La junte militaire malienne, en encourageant des comités d’autodéfense civils, expose les communautés locales à des représailles massives. L’exemple de Barsalogo au Burkina Faso, où des centaines de civils ont été massacrés le 24 août 2024 par le JNIM, plane désormais sur Kayes et Nioro. La logique de « milicianisation » des populations, présentée comme un sursaut patriotique, se transforme en piège mortel.
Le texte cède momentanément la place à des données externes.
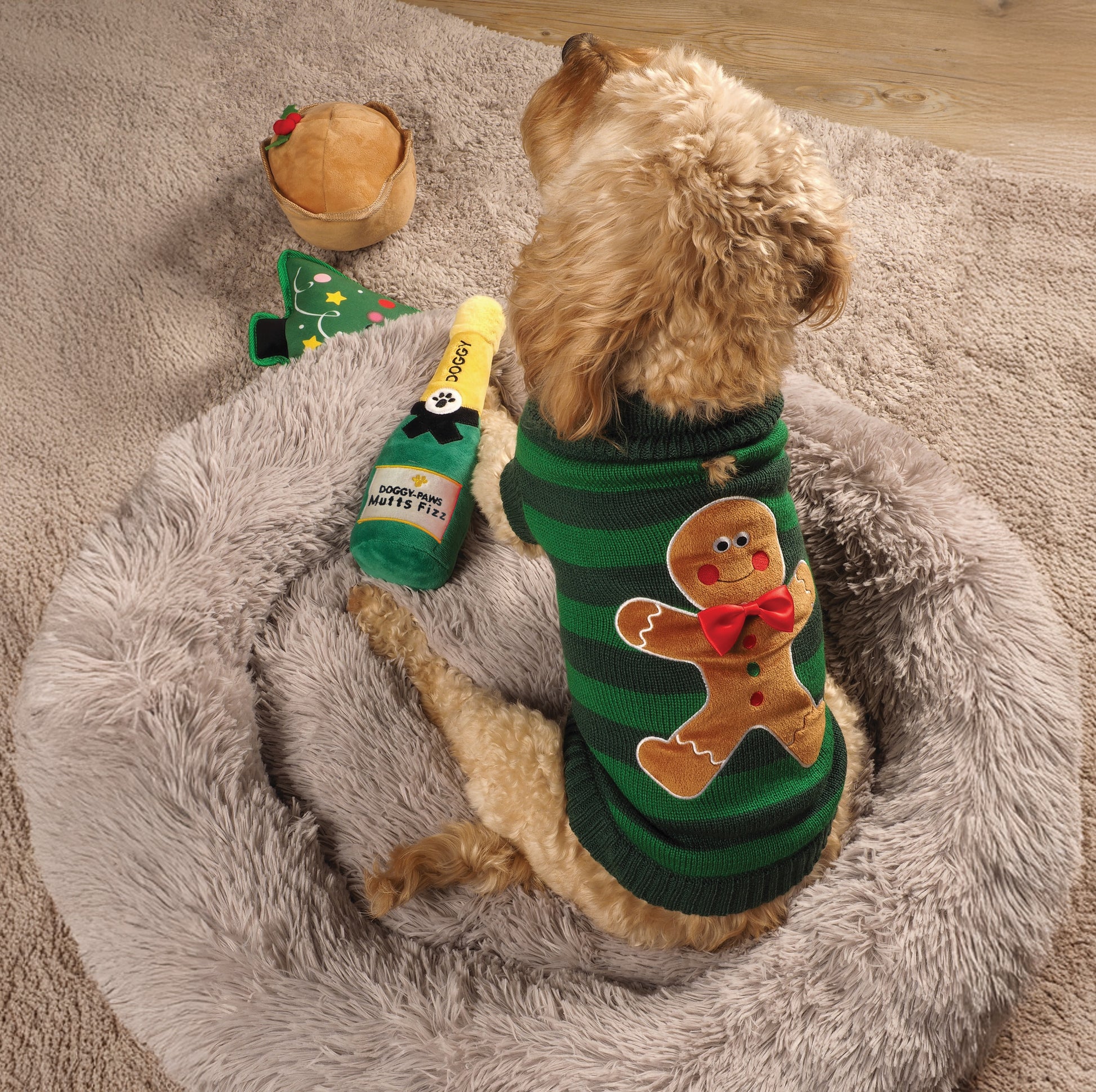 Dog wearing a green striped sweater with a gingerbread man design, sitting on a fluffy rug with Christmas-themed toys.
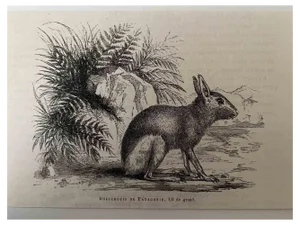 Paul Gervais, The Rabbit, Lithograph, 1854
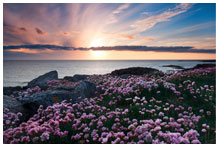 A sun set over the sea with pink flowers in the foreground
Une politique de diversion face aux crimes d’État

Pendant que Bamako dépose plainte contre l’Algérie à la Cour internationale de justice pour l’abattage d’un drone malien, la réalité intérieure est tout autre : l’armée malienne et ses alliés russes de Wagner et Africa Corps sont accusés par des ONG et des témoins locaux de massacres systématiques de civils touaregs, peuls et arabes dans le centre et le nord du pays.

Le contraste est saisissant : indulgence face aux jihadistes, qui occupent toujours Anderboukane dans la région de Ménaka depuis mai 2022, mais violence disproportionnée contre les populations nomades, au nom de la « reconquête du territoire ».

Le silence international, une complicité tacite

Le Haut-Commissaire des Nations unies aux droits humains, Volker Türk, a récemment dénoncé les arrestations arbitraires d’opposants politiques et d’acteurs de la société civile par le régime en place au Mali. Mais comme le souligne Mohamed Maouloud Ould Ramadan, porte-parole du Front de libération de l’Azawad, « cette junte de criminels ne s’est pas limitée à l’arrestation arbitraire de civils ; elle est également responsable d’un nettoyage ethnique systémique ».

Cette accusation grave, relayée par des acteurs maliens et sahéliens, alerte sur un risque de glissement vers des crimes de masse impunis, tandis que la communauté internationale détourne le regard, absorbée par les enjeux géopolitiques de la région.

Une guerre sans horizon

Le Mali vit aujourd’hui un paradoxe tragique : alors que la junte se présente comme le dernier rempart contre le terrorisme, son incapacité à contenir le JNIM et l’État islamique au Grand Sahara (EIGS) ouvre de nouveaux fronts. Kayes et Nioro, longtemps zones de repli économique et migratoire, deviennent des théâtres d’affrontements où les civils sont désignés comme cibles légitimes.

Dans un pays où l’État a échoué à protéger et à réconcilier, la guerre se retourne désormais contre les populations elles-mêmes.